RDF support in the SAFE Client Libs

  • Status: proposed
  • Type: new feature
  • Related components: SAFE Client Libs, SAFE Vault
  • Start Date: 03-12-2018
  • Discussion: http://
  • Supersedes: n/a
  • Superseded by: n/a

Summary

This RFC outlines the features that we'll be adding as an integral part of SAFE Network on the application level. The questions of actual implementation strategies are out of scope of this RFC.

Conventions

  • The key words "MUST", "MUST NOT", "REQUIRED", "SHALL", "SHALL NOT", "SHOULD", "SHOULD NOT", "RECOMMENDED", "MAY", and "OPTIONAL" in this document are to be interpreted as described in RFC 2119.

Motivation

RDF (Resource Description Framework) is a serialisation-agnostic data representation framework first specified by the W3C organisation in 1998. Several complementary W3C recommendations, such as RDF Schema, define the standard way of structuring data. Many widely-used conventional schemas already exist to represent things like social media user profiles or social connections. It is desirable to use these conventions and standards to structure data stored on the SAFE Network instead of relying on our own proprietary formats.

The RDF design also enables Linked Data [1], which is one of the main components of the Semantic Web. Considering the SAFE Network fundamental of storing data in perpetuity, it can provide significant benefits in this area as it alleviates the problem of link rot and data archival.

Furthermore, supporting RDF standards would also allow the SAFE Network to be compatible with Solid, the decentralised Web project created by Tim Berners-Lee and Inrupt.
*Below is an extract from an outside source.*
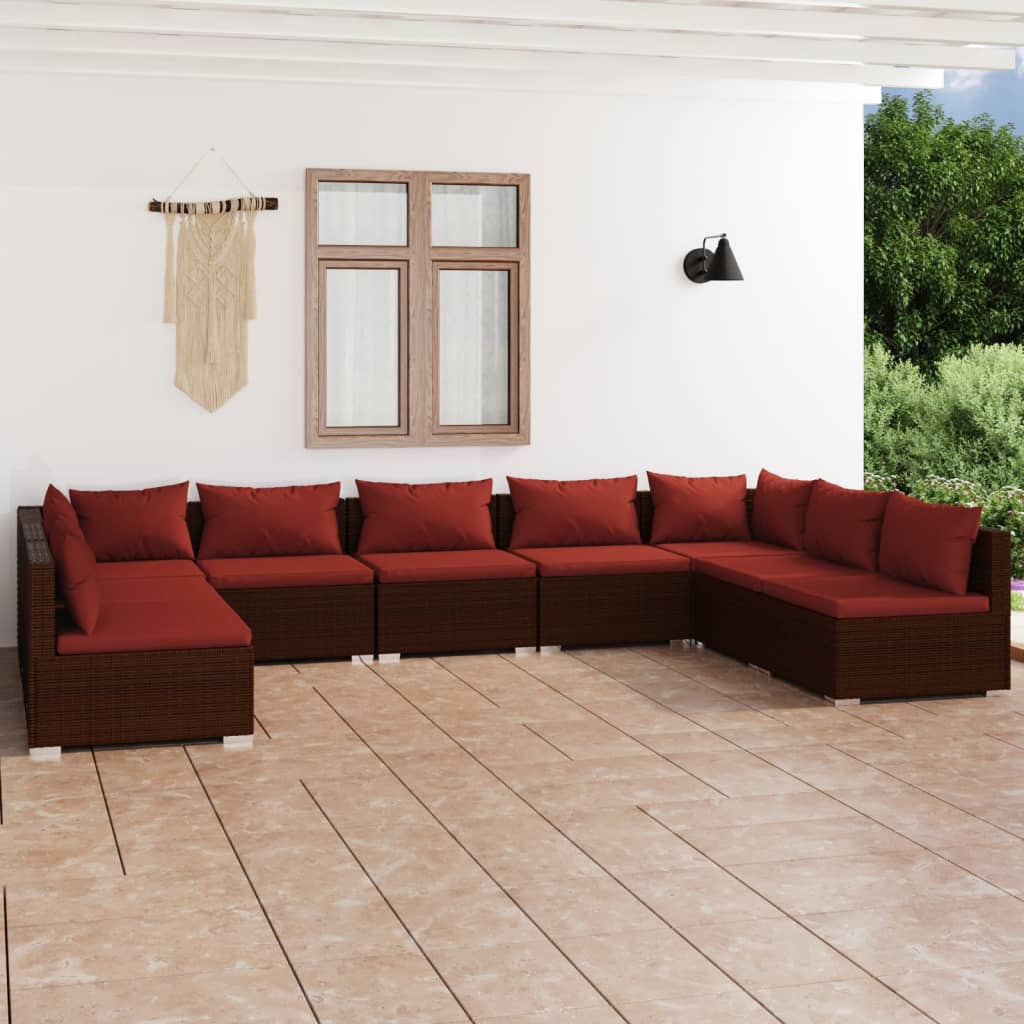9-delige Loungeset met kussens poly rattan bruin – afbeelding 1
The compatiblity layer would allow to interoperate with applications created for Solid, and Vaults can serve the role of Solid data pods.

RDF should be seen as a higher-level framework to work with general-purpose data, sitting on top of network-level primitives such as Mutable Data, Immutable Data, or any other primitive data type existing on the SAFE Network.
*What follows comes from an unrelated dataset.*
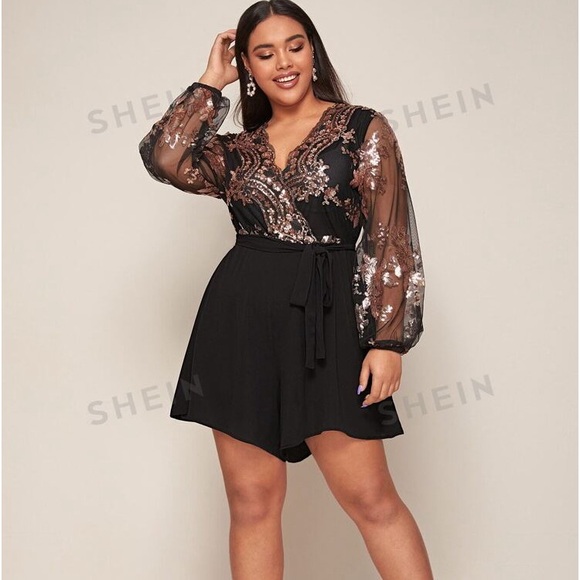 SHEIN BAE Plus Surplice Neck Sheer Lantern Sleeve Sequin Bodice Belted Romper - Picture 1 of 7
While clients were already capable of using RDF on the SAFE Network, there was no uniform way of doing this. Adding these capabilities to the SAFE Client Libs would make it a part of our API intended to be used by application developers and would allow to use the same API across different platforms and languages. It would also allow to use RDF to represent core primitives and abstractions, such as NFS files or containers, in a standard-conforming way.
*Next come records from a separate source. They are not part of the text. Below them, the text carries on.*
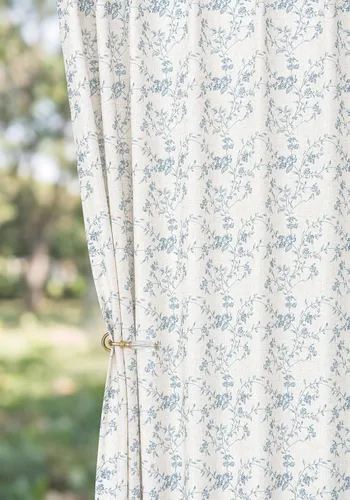 Vista 10 de Cortinas plisadas semitraslúcidas filtrantes de luz, de mezcla de lino de lujo, para sala de estar, dormitorio, comedor, casa rural estampada, juego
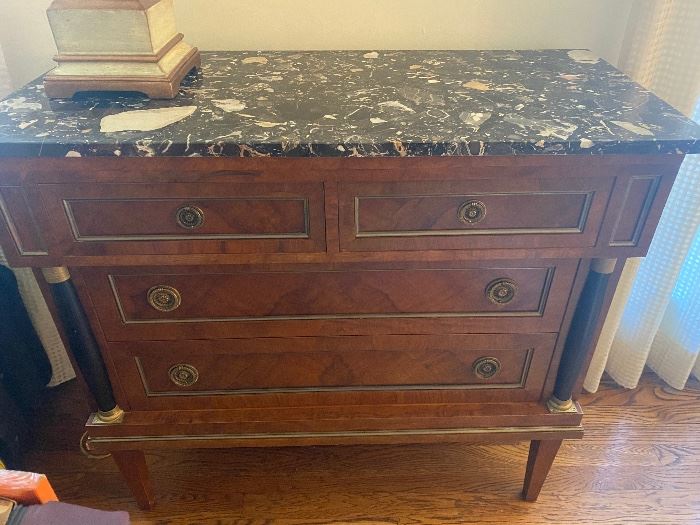 Biedermeier chest of drawers with marble top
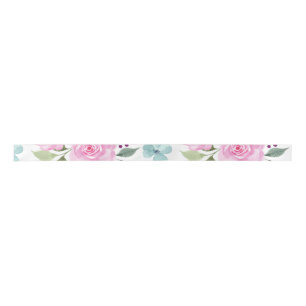 Pink flower watercolor seamless satin ribbon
In addition to APIs for structuring and linking arbitrary data using RDF, SAFE Client Libs would provide an extra way to retrieve and manage data on the SAFE Network: a simple, SQL-like query language SPARQL. Having SPARQL in the Client Libs would allow to fetch data from multiple data sources with a single query (federated queries). This would effectively replace the need to use proprietary or complicated protocols of retrieving data, such as REST APIs on the clearnet or Mutable Data API on the SAFE Network. If application developers would prefer other graph query languages (GraphQL, LDlex, etc.), it is possible to translate them into SPARQL.

Detailed design

RDF triples storage

RDF resources and triples are serialised and stored on the SAFE Network using one of the existing data types. It MUST be agnostic to which particular data type is used.

RDF and immutability

Data immutability is one of the SAFE Network fundamentals and it MUST be maintained for RDF triples too.

With the evolving nature of RDF resources, we need to make sure we support the ability to change and archive the resources [2]. This network fundamental also has a great advantage for storing linked data because links will not rot (as it might happen on the clearnet).

Triple storage serialisation format

There are multiple requirements for the triple storage serialisation format. It MUST support:

  • Encryption (allowing to store public or private resources on the network)
  • Querying (on both public and private data)
  • Data archival (all changes MUST be retained)
  • Upgrades (retaining compatibility with previously used versions of the serialisation format once it's changed)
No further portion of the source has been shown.